O Banquete dos Stones


Capa

Um homem deu uma grande ceia e enviou seu servo para dizer aos convidados que tudo estava preparado. Todos se escusaram. O servo disse que ninguém quis vir. Com raiva, ele replicou: "sai pelas praças e introduz aqui os pobres, os aleijados, os cegos e os coxos. Disse o servo: "senhor, está feito como ordenaste, mas ainda há lugar". Ele replicou: "sai pelos caminhos e obriga todos a entrar, para que se encha a minha casa. Pois vos digo, nenhum daqueles homens que foram convidados provará a minha ceia".

A parábola do Evangelho de Lucas 14 é a largada para o primeiro álbum nota dez dos Rolling Stones e o começo de uma série de discos de qualidade excelentes, que compreendem juntos o Século de Péricles da banda de Mick e Keith. Livres das acusações de porte de drogas que lhe custaram quase todo o ano de 1967 e longe dos palcos, os cinco decidiram consolidar de vez sua música, depois de trabalhos irregulares, como a coletânea Flowers, ou o metapastiche psicodélico Their Satanic Majesties Request, uma incursão agressivamente bisonha no Flower Power.

No estafe, Richards e Jagger mudou quase tudo, do fotógrafo ao produtor, Andrew Loog Oldham que, como diretor musical, era um excelente publicitário. Para o seu lugar, eles recrutaram Jimmi Miller, que trabalhava com o Traffic de Steve Winwood e Chris Wood. A parceria também seria fundamental no trabalho dos Stones a partir dali.


O álbum seria também um retorno às raízes da banda, que havia se perdido à medida em que o quinteto resolveu abraçar a muisicalidade pop e a estética mod à medida em que passaram a compor. A proposta era fazer algo "sério", ao contrário do pastiche do Between The Buttons e a volta ao bom e velho blues que os forjou como banda — ou, como disse alguém ummisto de Delta Blues e Swingin' London decadente.

Beggars Banquet
começou a ser gravado em março de 1968 e a perspectiva era finalizá-lo até antes do começo de outono. Em maio, o single Jumpin' Jack Flash saiu com estardalhaço — e o disco prometia.

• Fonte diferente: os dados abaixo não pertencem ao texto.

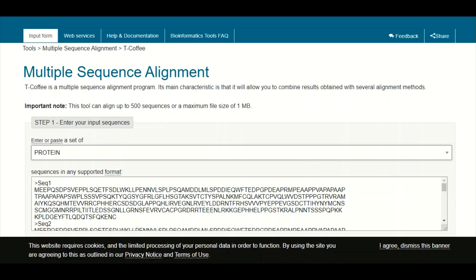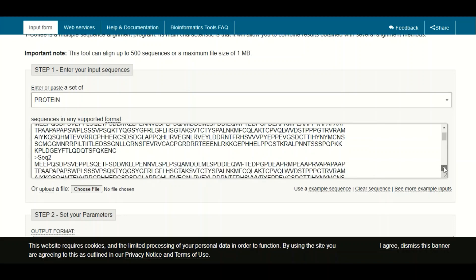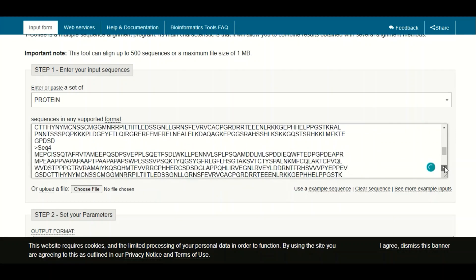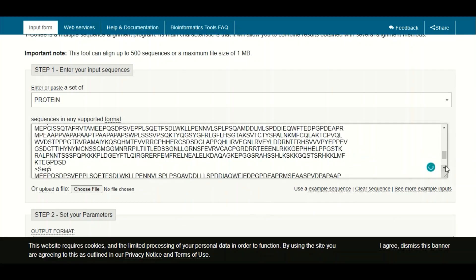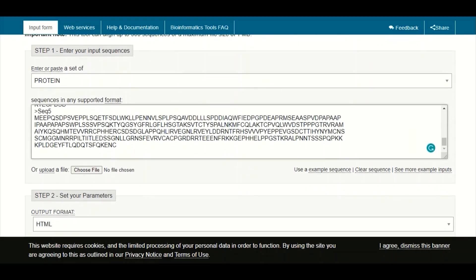In the box below, we have to submit our protein sequences in FASTA format. As you can see, we have pasted five sequences in FASTA format in this box, and for these five sequences we want to perform the multiple sequence alignment.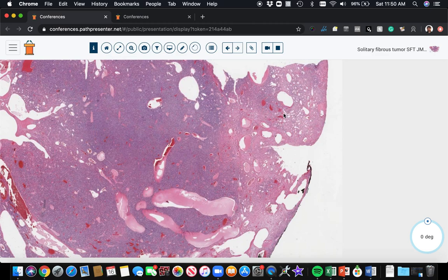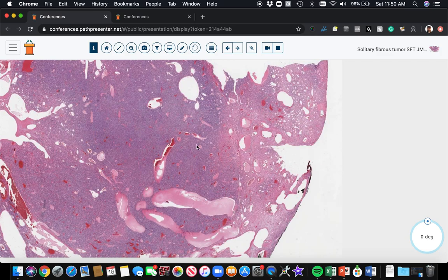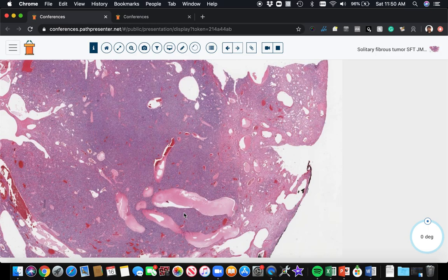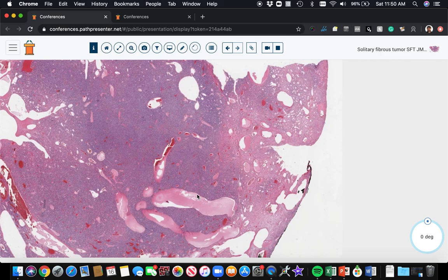So that range of cellular with hypocellular sclerotic zones and the presence of dilated vessels from low power - we haven't even gone in close yet - but from low power, those things should make you think of solitary fibrous tumor.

Um elemento distintivo, e que seria incorporado ao som dos stones desde então, a partir de Jumpin' Jack Flash era a utilização de afinações alternativas em suas canções, por parte de Richards, que passou a estudar estilos variados de guitarra durante o recesso forçado de 1967. Ocorolário já podia ser ouvido noseu mais novo compacto, onde Keith passaria a utilizar afinação em OIpen E, o que daria um caráter muito mais expressivo e vigoroso aos seus riffs a partir de então.


E a citação bíblica que deu origem ao título do disco não é gratuita: Beggars Banquet é cheio de citações aos evangelhos, porém de uma forma ligeiramente secular e cínica. Como em Sympathy for the Devil que, numa escatologia baudeleiriana, descreve como o mal serviu mais de testemunha do que de agente em diversos momentos da história - a músioca reflete também o ano político de 68, ao comentar a morte do senador democrata Robert Kennedy (Martin Luther King também seria assassinado naquele mesmo ano).

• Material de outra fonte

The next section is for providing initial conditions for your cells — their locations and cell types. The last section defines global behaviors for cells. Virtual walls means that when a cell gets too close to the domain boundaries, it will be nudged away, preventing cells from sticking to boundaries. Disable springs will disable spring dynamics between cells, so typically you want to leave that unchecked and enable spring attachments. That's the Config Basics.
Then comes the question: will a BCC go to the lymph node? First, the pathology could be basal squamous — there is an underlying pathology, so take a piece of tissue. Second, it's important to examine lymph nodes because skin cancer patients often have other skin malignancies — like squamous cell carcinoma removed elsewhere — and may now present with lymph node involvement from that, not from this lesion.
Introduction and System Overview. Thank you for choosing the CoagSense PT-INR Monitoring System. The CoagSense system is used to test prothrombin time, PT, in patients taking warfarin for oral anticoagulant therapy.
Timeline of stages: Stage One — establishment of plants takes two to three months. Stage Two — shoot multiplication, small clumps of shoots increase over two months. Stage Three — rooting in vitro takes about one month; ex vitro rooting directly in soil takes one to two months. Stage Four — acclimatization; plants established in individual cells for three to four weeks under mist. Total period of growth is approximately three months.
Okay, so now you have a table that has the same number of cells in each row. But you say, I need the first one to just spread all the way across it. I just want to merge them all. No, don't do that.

Aliás, o filme One Plus One (Godard) mostra perfeitamente o processo de elaboração do arranjo de Sympathy for the Devil. Mais do que isso, mostra como à medida em que a banda em geral se entrosava cada vez mais em torno da produção, o apático Brian Jones preferia ficar alheio a tudo isso e deixaria os Stones menos de um ano depois do lançamento do disco.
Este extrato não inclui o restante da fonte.